Прежде всего, дальнейшее и непрерывное движение человечества по этому пути – проникновения всюду европейского буржуа [тоже какая-то мелкая, стоическая машина du travail honnête et utile»? <для честного и полезного труда (франц.)>]; вырубки лесов, прорытия каналов, просверливания гор и т. д. – прежде всего, это движение губительно для всемирной эстетики. А гибель природной и социальной эстетики есть верный признак глубокого устарения; есть признак приближающейся смерти. С этим даже и такой сухой и положительный мыслитель, как Прудон, согласен. (Смотри…)
Этого боится и Дж. Ст. Милль. (См.) Но они оба, и Прудон, и Милль – вопиют хотя и не в пустыне (это было бы лучше!), а в давке утилитарной, уже слишком далеко зашедшей… А мы?

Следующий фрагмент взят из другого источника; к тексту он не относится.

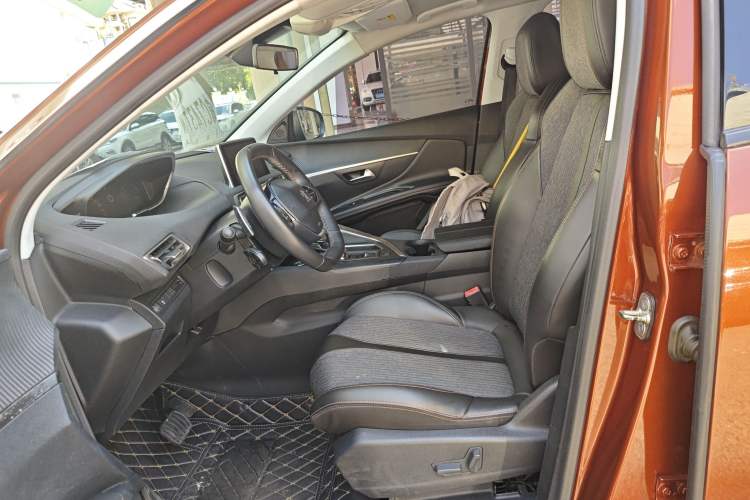 Used Peugeot 4008 2017 350THP Elite Edition Left Front Seat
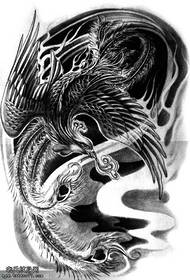 zuri-beltzeko zirriborroak phoenix tatuajearen eskuko argazkia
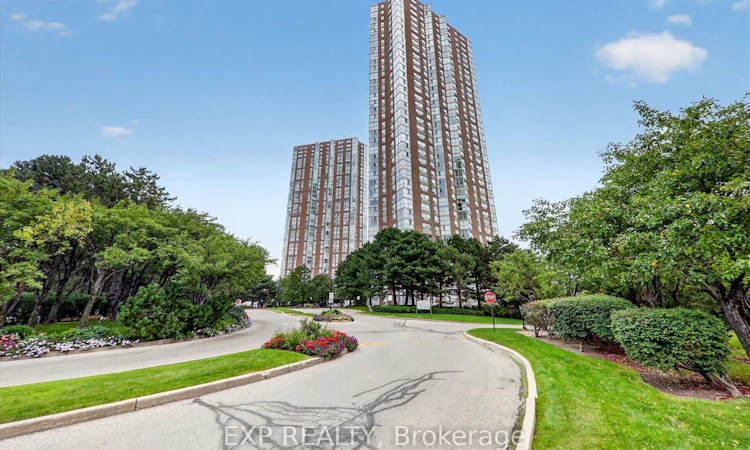 2204-7 Concorde Place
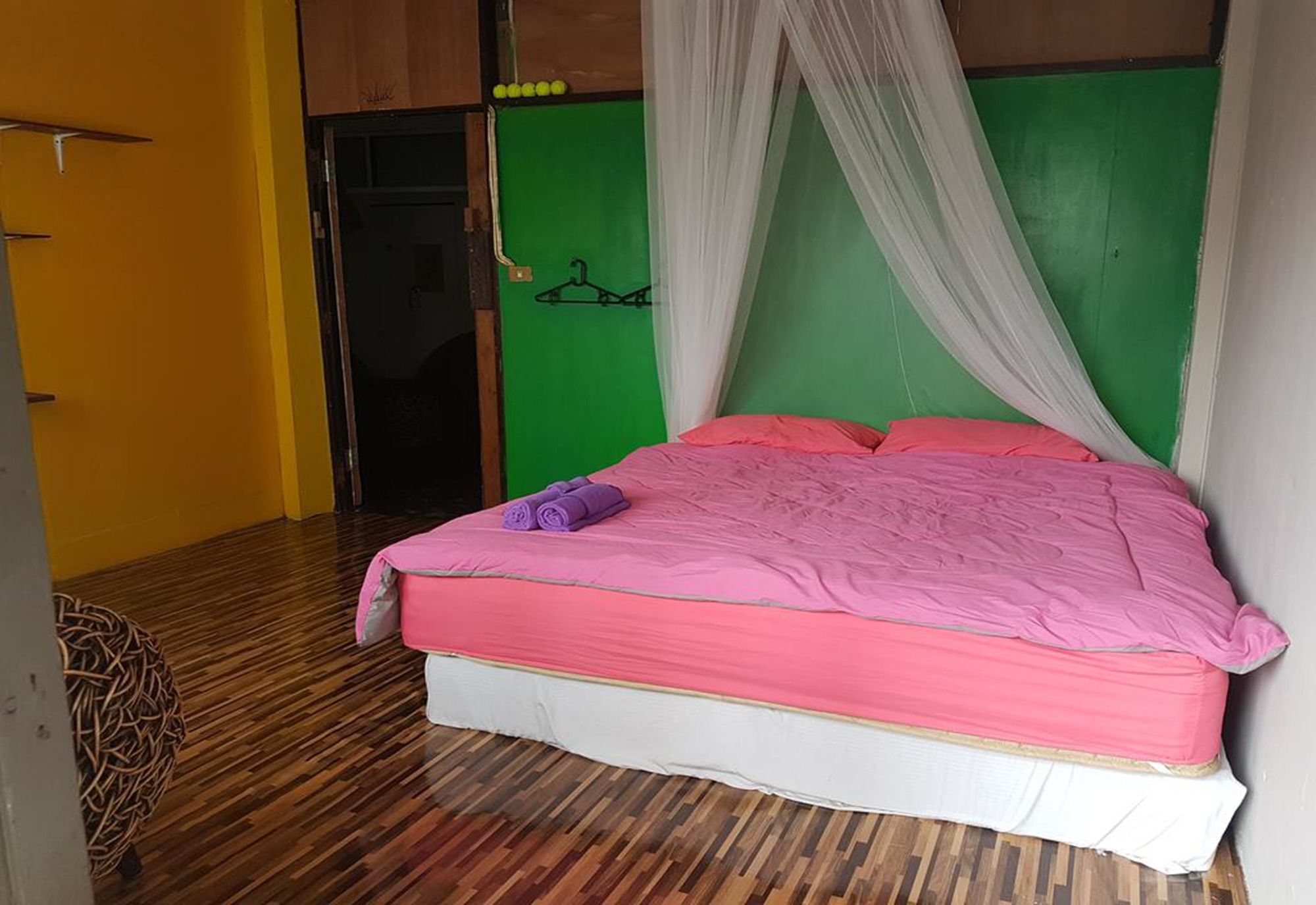 Bar 184 Party Hostel (Adults Only) Τσιανγκ Ράϊ Εξωτερικό φωτογραφία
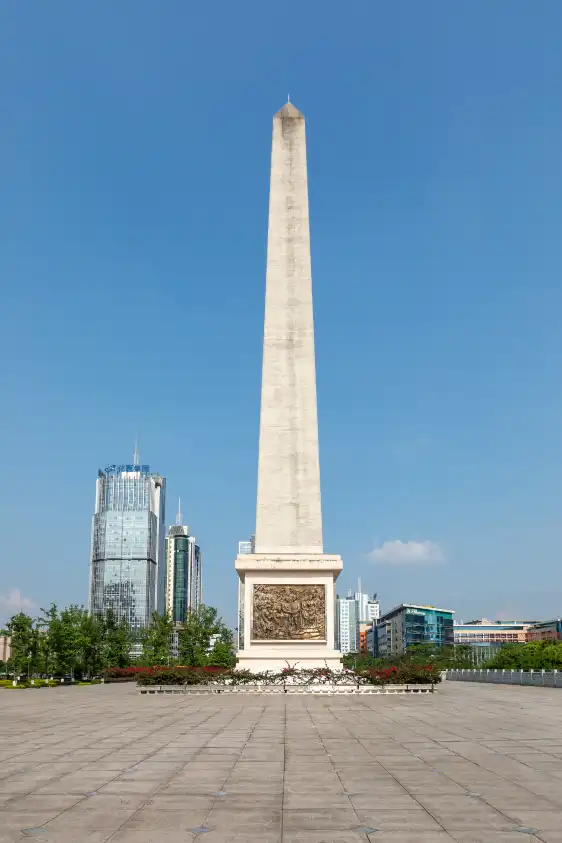 鄰近兩江幸福廣場的酒店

Так ли далеко уж и мы, русские, в этом зашли? Еще неизвестно.
XIII
Читаешь – и не веришь глазам своим. Перечитываешь – и начинаешь сомневаться в своем собственном понимании слов и мыслей автора! Такого безнадежного взгляда на Россию, такого отрицания – мы еще не встречали ни у кого! Даже социалисты русские (за исключением тех из них, которые по складу личного ума и характера верят только в силу всеразрушения) и те надеются, по крайней мере, на возможность экономического благоденственного у нас переустройства… Мне пишут из Москвы, что некоторые молодые люди патриоического настроения повержены были на первых порах в глубокое уныние по прочтении статьи г. Соловьева. Чувство их понятно, но оно не основательно. Пусть утешатся. Г. Соловьев хочет верить в то, что ему желательно; но мы, не ослепленные его философской страстностью, его пламенной любовью к избранной им идее, не имеем никаких побуждений или оснований для соглашения с ним в его особого рода пессимизме: пессимизме национальном, так сказать. Если даже допустить, что он прав в главном пророчестве своем, в конечной цели своей проповеди, то есть в том, что рано или поздно произойдет соединение двух ныне враждующих сестер-Церквей, то до этого еще далеко. Еще много до тех пор воды утечет, и произойдет до тех пор многое множество таких событий, которые должны будут сильно отразиться на деятельности русской мысли.